Le pedí que no lo hiciera, le devolví lo que me quedaba de dinero y le prometí que se lo pagaría de cualquier modo, trabajaría cargando bolsas del mandado en el tianguis, haría el quehacer de la casa, hasta lavaría carros para juntar lo que había gastado, pero no quería que le dijera a mi papá lo que había hecho.
Me fui a encerrar a mi cuarto autocastigándome sin comer (después de todo ya había comido un montón de guzgueras en todo el día) y con un sentimiento de miedo y la culpa por haber cometido un pecado mortal terminé de leer, ya sin ganas, los comics que a mi mamá no le interesó castigarme.
Pedí Perdón a Dios, en aquel entonces era mucho más fácil hablar con Dios, las vías de comunicación no tenían toda la mierda que he acumulado con las mugrosas costras de los años que nos caen encima, y me arrepentí sinceramente por lo que había hecho, y Dios me había perdonado, después de todo, era solo un niño sin mucha maldad en mi corazón.
Por la noche, sin que mi mamá me dirigiera la palabra en todo el día, estaba viendo en la televisión el chavo del ocho cuando una llave entró en la cerradura de la puerta de entrada y yo corrí a encerrarme al cuarto, me tapaba con una de esas gruesas cobijas cuadriculadas y cerraba fuertemente los ojos como si con eso iba a desaparecer o me volvería invisible y deseé tener algún superpoder que me permitiera librarme de esa situación, pero no tenía ninguno, era sólo un niño de 7 años que le había robado un billete de veinte pesos a su mama.
Escuchaba las voces desde la sala, y mi papá diciendo groserías del tipo, “muchacho cabrón”, “Ahorita me las va a pagar el hijo de la chingada” y cómo sus pasos hacía mi habitación retumbaban bajo la cobija.
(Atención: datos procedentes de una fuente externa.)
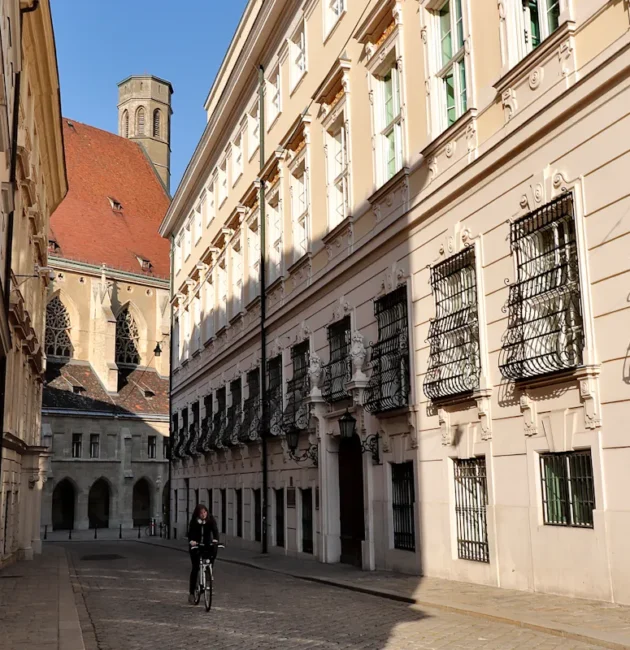 Radfahrer fährt durch eine ruhige Gasse in Wien, Österreich.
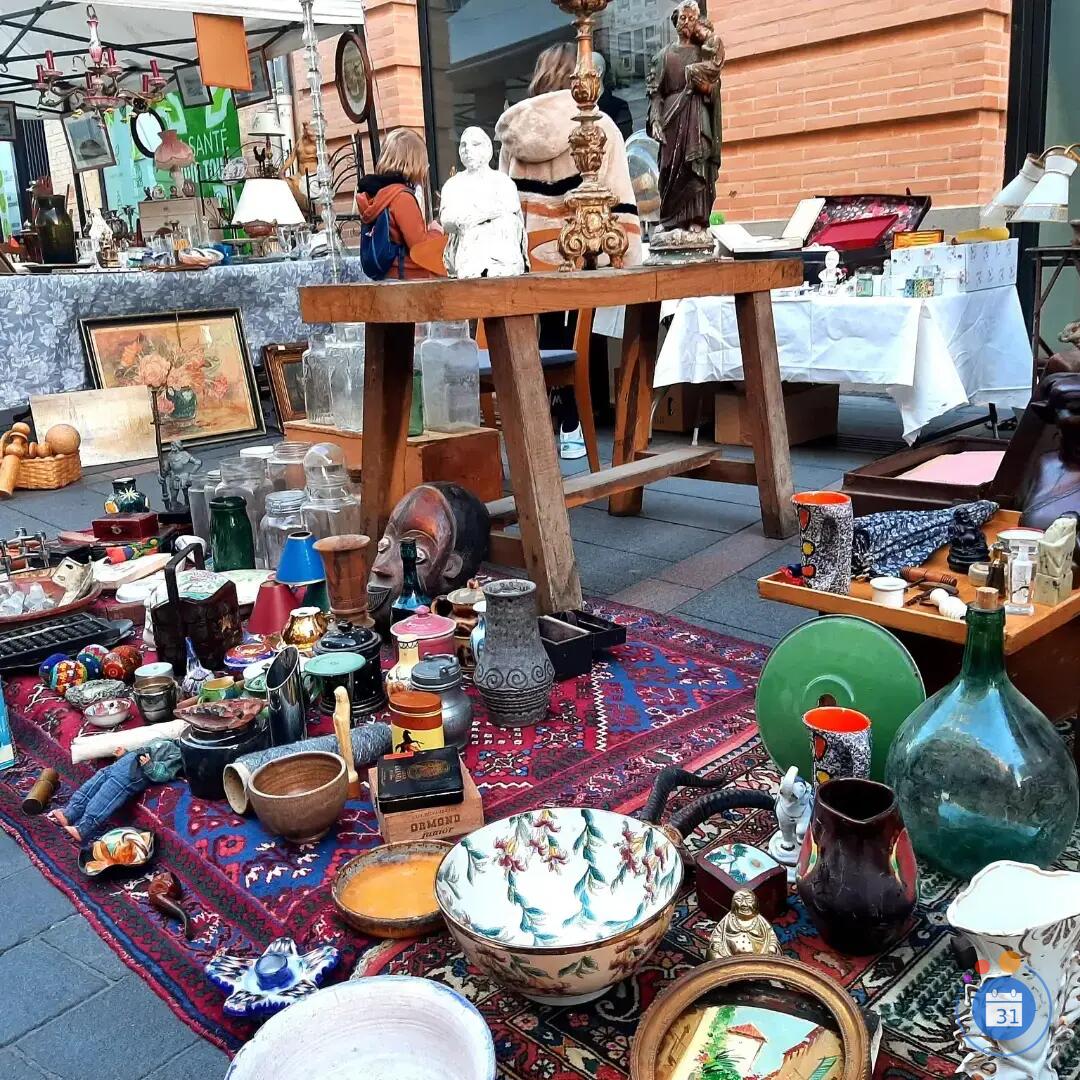 Image SUPERBE BROCANTE Rue Alsace Lorraine plein cœur de TOULOUSE (photo 3)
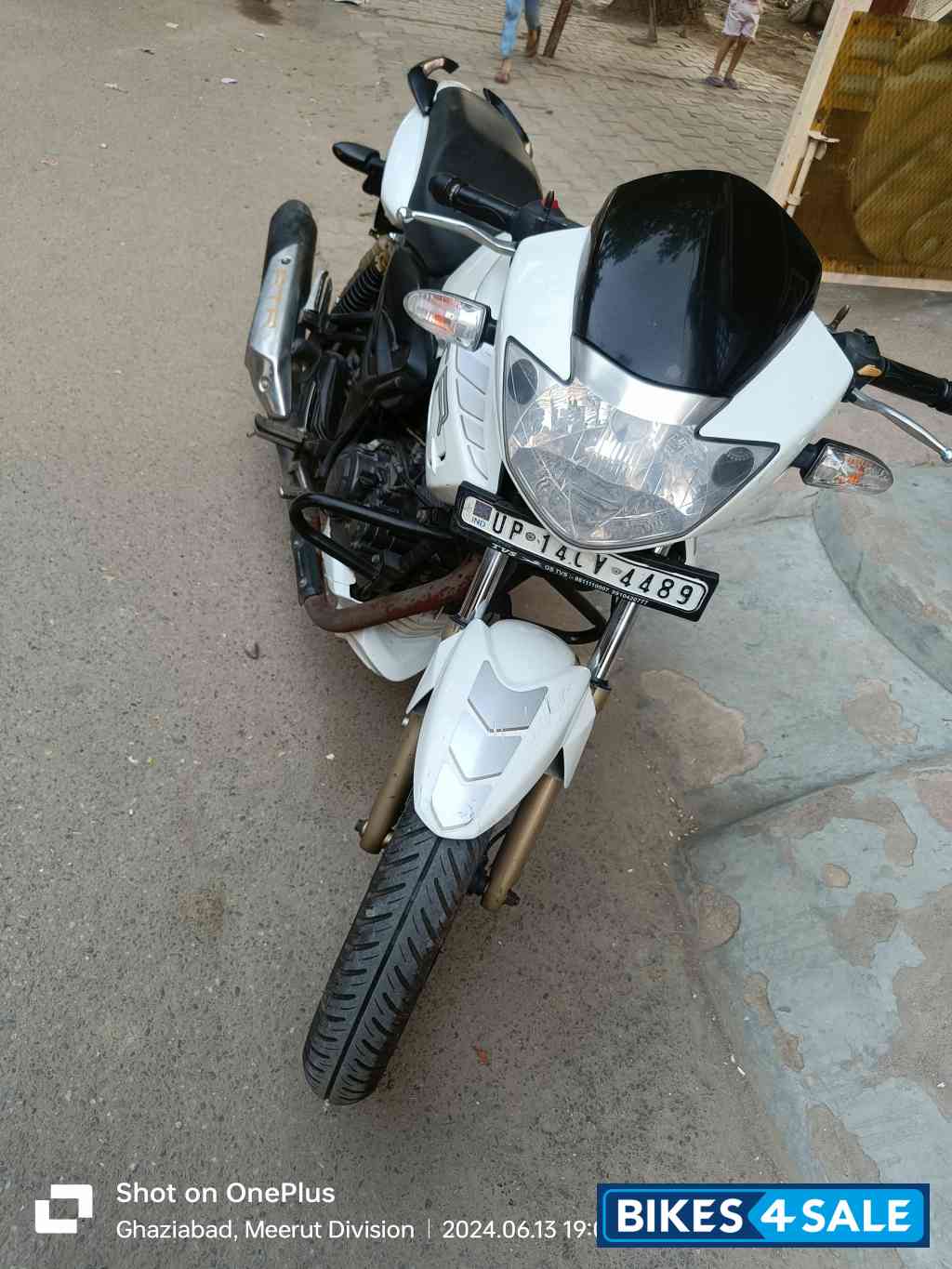 White TVS Apache RTR 180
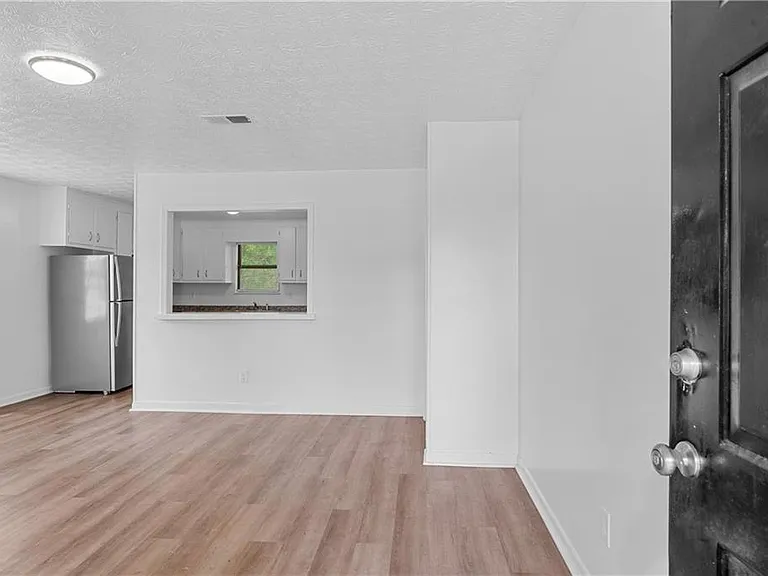 340 Tanglewood Dr #A — Photo 2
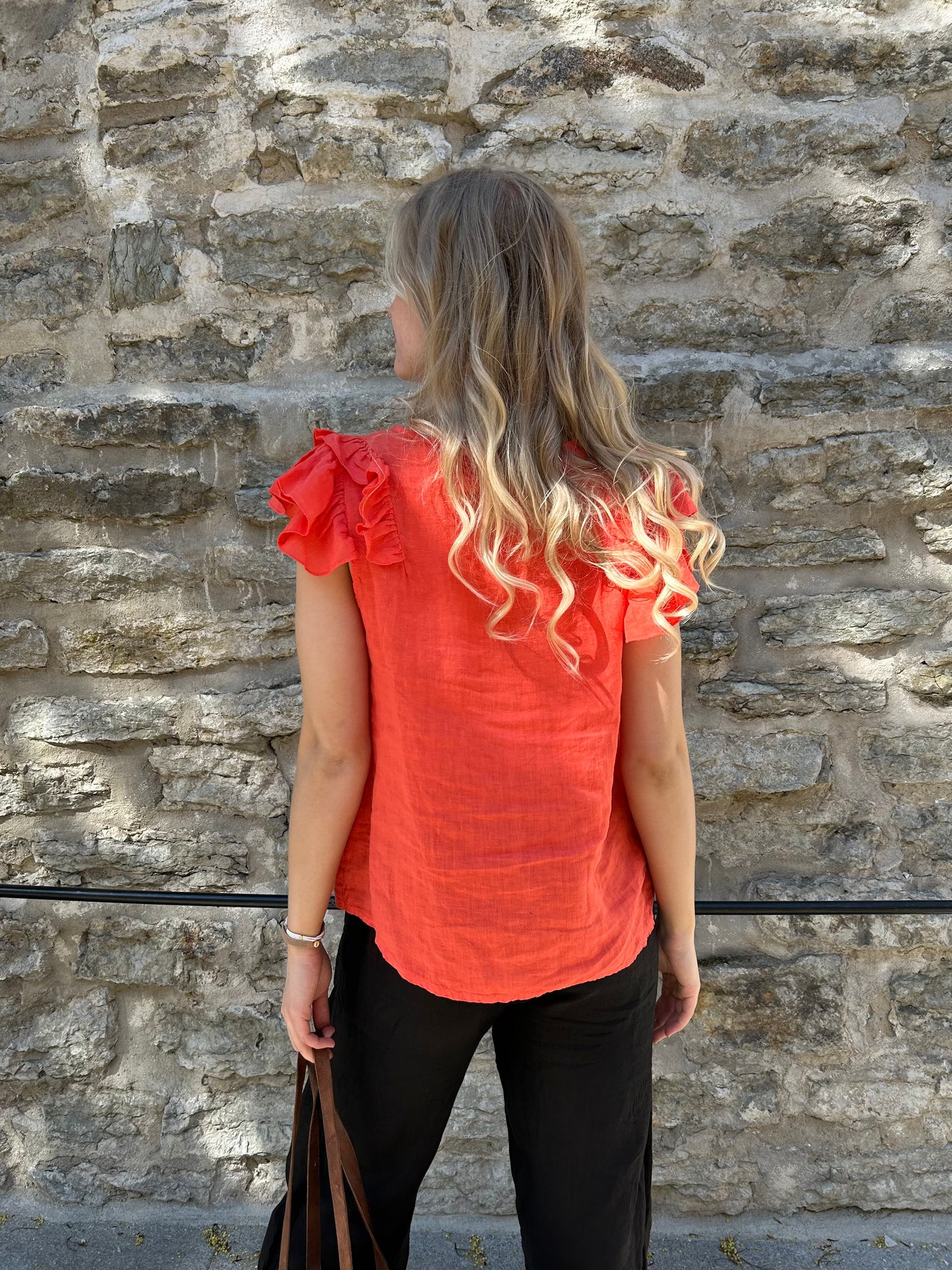 Cassandra -frill top, coral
No recuerdo haber escuchado nada más, mi papá me gritaba que era un ladrón y cosas por el estilo, pero no recuerdo las palabras exactas que dijo ni el sermón que seguramente estuvo pronunciando mientras me arrastraba por mis delgadas muñecas hacía el pequeño y mal alumbrado cuarto de la cocina. No recuerdo donde estaba mi mamá ni mis hermanos mientras sucedía todo aquello, lo que si recuerdo muy bien es a mi padre encendiendo la lumbre de la estufa y esas flamas azules que crecían hacia mis manos, y como mi cara se bañaba en mis lágrimas y el calor que mis palmas absorbía me recorría hasta la cabeza y yo intentaba zafarme inútilmente porque mi papá era mil veces más fuerte que yo y no lograba moverme un centímetro, y cerraba y abría mis puños desesperado sin saber qué hacer y lloraba y gritaba que no lo volvería a hacer, que me perdonara, que no lo volvería a hacer y a mi papá diciendo “Esto es para que aprendas a no robar”.
No me quemé, no recuerdo haber sentido algún dolor por la lumbre, no tenía heridas en mis manos, pero lo que me costaba más trabajo creer fue que mi padre me hubiera hecho eso.
Feliz día del padre hijo de tu puta madre.